**Data extract:**
# # # # # # #
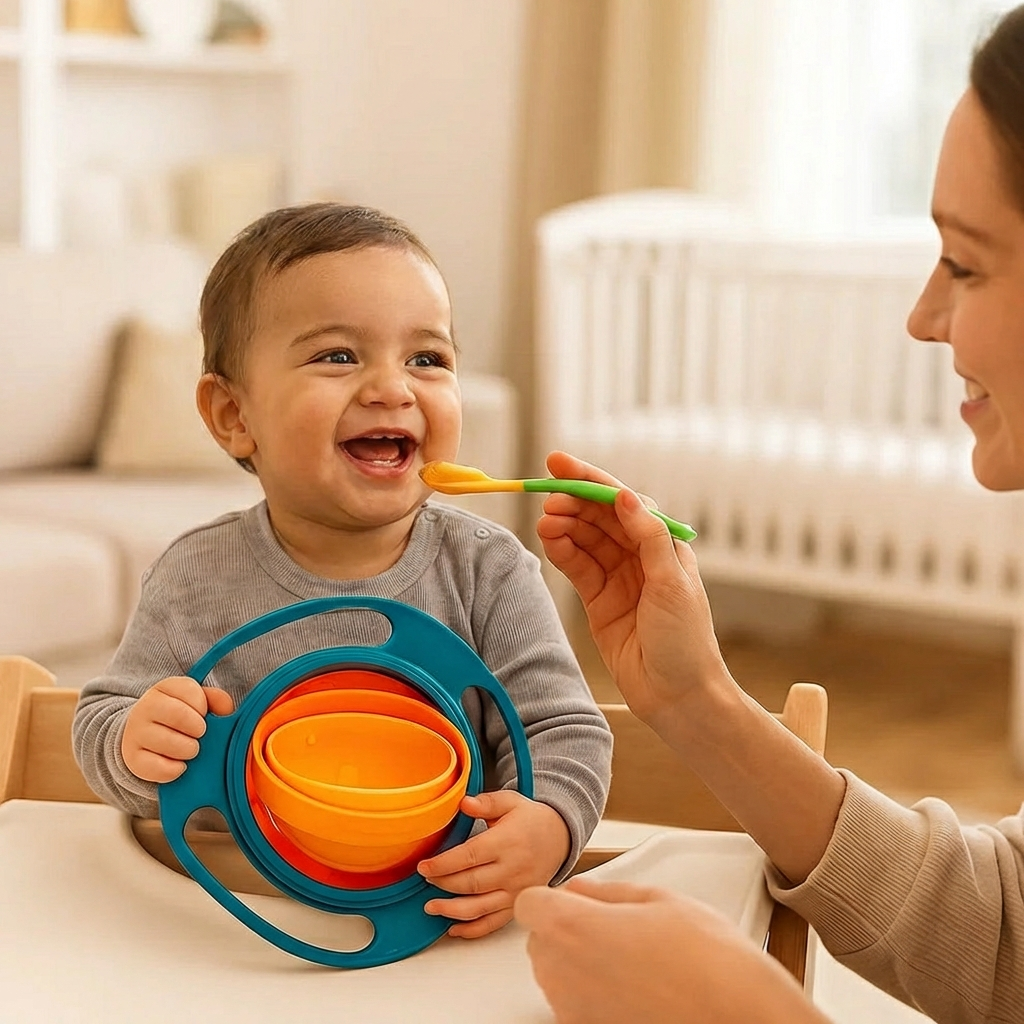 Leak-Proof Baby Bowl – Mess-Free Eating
# # # # # # #
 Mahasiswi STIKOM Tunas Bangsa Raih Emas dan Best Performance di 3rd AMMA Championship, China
# # # # # # #
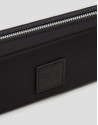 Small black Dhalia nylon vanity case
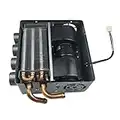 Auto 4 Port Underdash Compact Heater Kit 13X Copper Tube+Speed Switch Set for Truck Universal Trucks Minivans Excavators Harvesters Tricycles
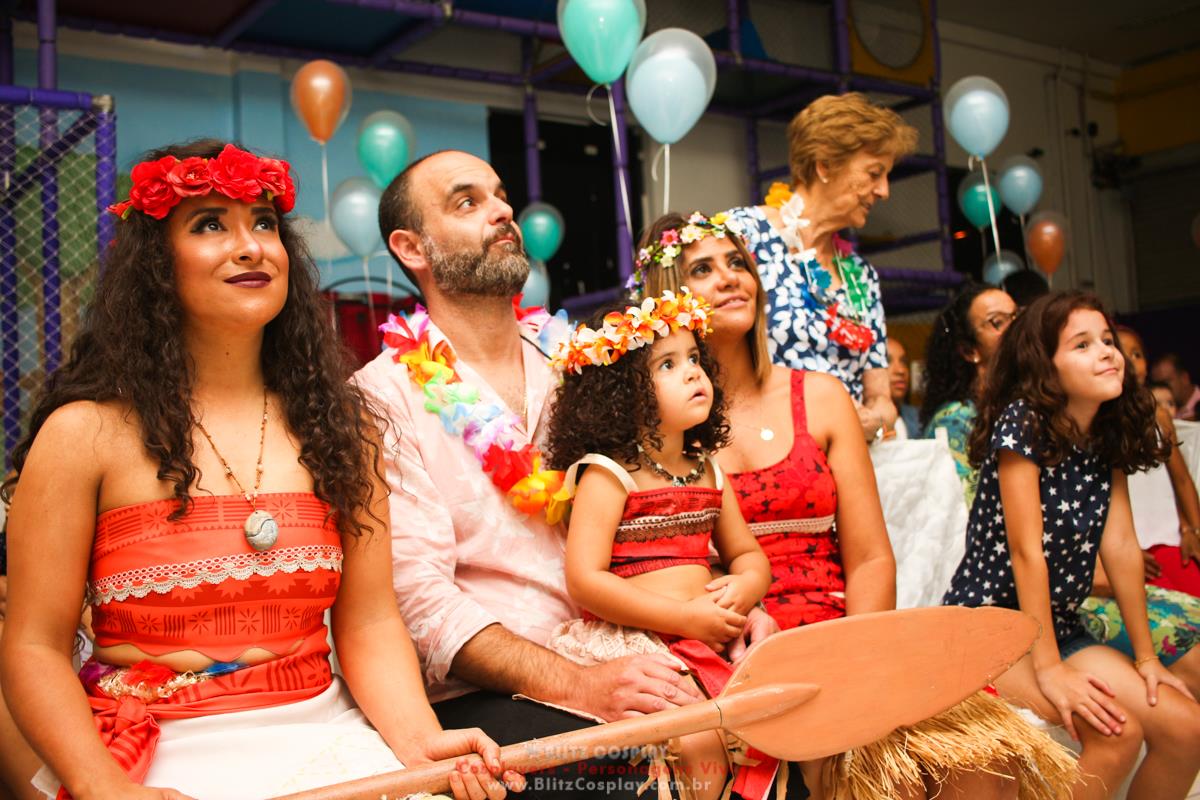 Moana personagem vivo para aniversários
# # # # # # #
**Task details:** Return exactly the lines that appear in the data above between the line containing "Small black Dhalia nylon vanity case" and the line containing "Moana personagem vivo para aniversários", both of which are included, and leave the pictures out.

**Worked solution:**
 Small black Dhalia nylon vanity case
 Auto 4 Port Underdash Compact Heater Kit 13X Copper Tube+Speed Switch Set for Truck Universal Trucks Minivans Excavators Harvesters Tricycles
 Moana personagem vivo para aniversários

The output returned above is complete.